Words Cannot Describe It
28 August 2001 | by (Los Angeles) – See all my reviews

What can I say about Golden Dawn? To describe it as jawdroppingly, breathtakingly, deliriously bad does not come close to doing it the justice it so richly deserves. Film aficionados describe it affectionately as The Second Worst Musical Ever Made (the first being the legendary Howdy Broadway), yet even that hallowed title cannot prepare you for the cheesy wonders in store. Racist, sexist...did I mention racist?...this is a film that must be seen to be believed, and even then you'll wonder if someone slipped you something. The film is based on the semi-hit stage musical of the same name and boasts musical numbers by Oscar Hammerstein, Jr., who really should have known better.
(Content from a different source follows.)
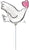 Wedding Dove (Requires heat-sealing) 11″ Foil Balloon by Anagram from Instaballoons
From the moment Noah Beery steps on stage in embarrassing blackface to warble an ode to his whip, to the hallucinatory Hymn to Domestic Violence sung (badly) by Marion Byron, to the truly indescribable moment when Vivienne Segal belts out a showstopping "My Bwanna," the laughs just never stop. You'll laugh, you'll cry, you'll wonder who in the hell thought that making a pseudo-Viennese operetta about colonial Africa was a good idea, you'll...but you catch my drift. This movie is available on the Dawn of Sound laserdisc set, but I have decided to hold out for the Collectors Edition Director's Cut DVD with several language tracks, a Making of Golden Dawn documentary, and a whole lot of film-school twaddle on the commentary track. My advice to you is if you insist upon seeing this film-and I cannot recommend it to the faint of heart-do not do so alone! Make sure you are surrounded by friends, and are in a calm, familiar environment. Have oxygen ready and make sure your First Aid kit is fully stocked. It might be best to notify the authorities in advance. I ignored this sage advice for my first viewing and almost swallowed my own tongue. And do not even THINK about popcorn. Golden Dawn is a full-on three martini film. Better yet, just chug the gin from the bottle.